A la segmentation du salariat répond le processus de segmentation des entreprises. Celles-ci ont beaucoup évolué ces dernières années. L'entreprise, unité de base de notre organisation économique, est l'un des principaux lieux d'élaboration et d'application du pacte social. Pour plus de 17 millions de salariés, elle constitue l'un des principaux cadres normatifs de leur vie quotidienne sans pour autant que la légitimité de l'entreprise et de son organisation soit un sujet majeur du débat public.
Ce point nous amène à la question de la gouvernance des entreprises.
S'il n'existe pas un modèle unique, on observe néanmoins quelques grandes tendances historiques. D'abord, au cours du vingtième siècle, en conséquence de la nécessité d'accumuler du capital en vue de l'industrialisation, le pouvoir est passé progressivement de l'entrepreneur familial au manager technocrate, puis aux actionnaires et investisseurs financiers. Il en a résulté une progressive dépersonnalisation des relations dans l'entreprise.
Ensuite, les salariés travaillent aujourd'hui en moyenne dans des entreprises plus grandes qu'il y a trente ans, mais au sein d'établissements plus petits ce qui accroît le sentiment de distance par rapport aux lieux de décision.

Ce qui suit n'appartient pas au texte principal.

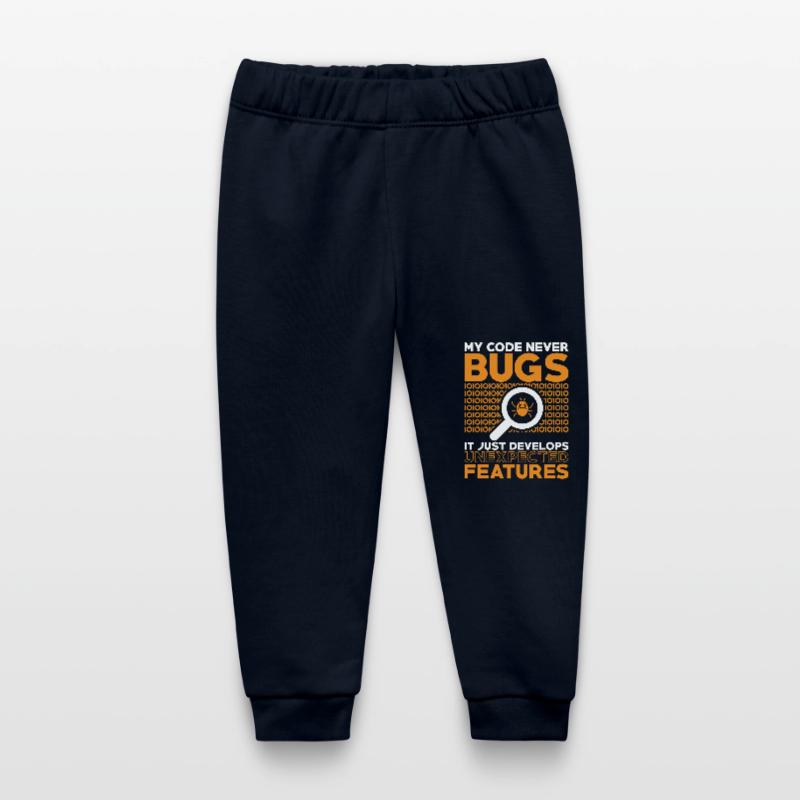 Programmer Developer Coder Code Baby Organic Sweatpants by Stanley/Stella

Enfin, l'émergence d'entreprises fonctionnant en réseaux a aussi modifié les relations entre parties prenantes, les relations interentreprises devenant un facteur déterminant de réalisation du pacte social.
La question que nous avons envisagée est de savoir si la gouvernance des entreprises s'est adaptée à ces évolutions.
La participation des salariés à la gestion des entreprises s'est développée, en France, grâce à des mécanismes de représentation, d'information et de consultation, plutôt que par l'association aux instances décisionnelles. Parallèlement, le contexte de la démocratie sociale a évolué dans un sens plutôt mitigé. Parmi les points négatifs, il faut mettre en évidence la baisse du taux de syndicalisation, passé d'environ 30 % à environ 8 % des salariés depuis l'après-guerre. Au regard des pays étrangers, la France apparaît comme particulièrement peu syndiquée.
Par ailleurs, alors qu'on pouvait espérer une certaine réhabilitation de l'entreprise, comme lieu de poursuite de finalités partagées, les excès du capitalisme financier ont au contraire mis l'accent sur les divergences d'intérêts des parties prenantes, divergences qui peinent à se résoudre de façon pragmatique, dans la négociation.
Les salariés semblent en effet avoir été les « oubliés » de la gouvernance, au nom de l'efficacité économique. Tandis que la cogestion apparaît comme un « serpent de mer » du débat politique, la suprématie actionnariale s'est progressivement instaurée dans les grandes entreprises tandis que, dans le tissu économique des entreprises dominées, nécessité faisait de plus en plus loi. La suprématie actionnariale est pourtant contestée tant parce qu'elle déséquilibre les relations sociales que parce qu'elle déséquilibre les décisions économiques dans un sens peu compatible avec une croissance forte et durable. Dans ce contexte, la place des salariés est résiduelle et s'inscrit davantage dans le sens d'une reconnaissance de la place de l'actionnariat salarié que dans celui d'une prise en compte des intérêts du facteur de production que constitue le travail.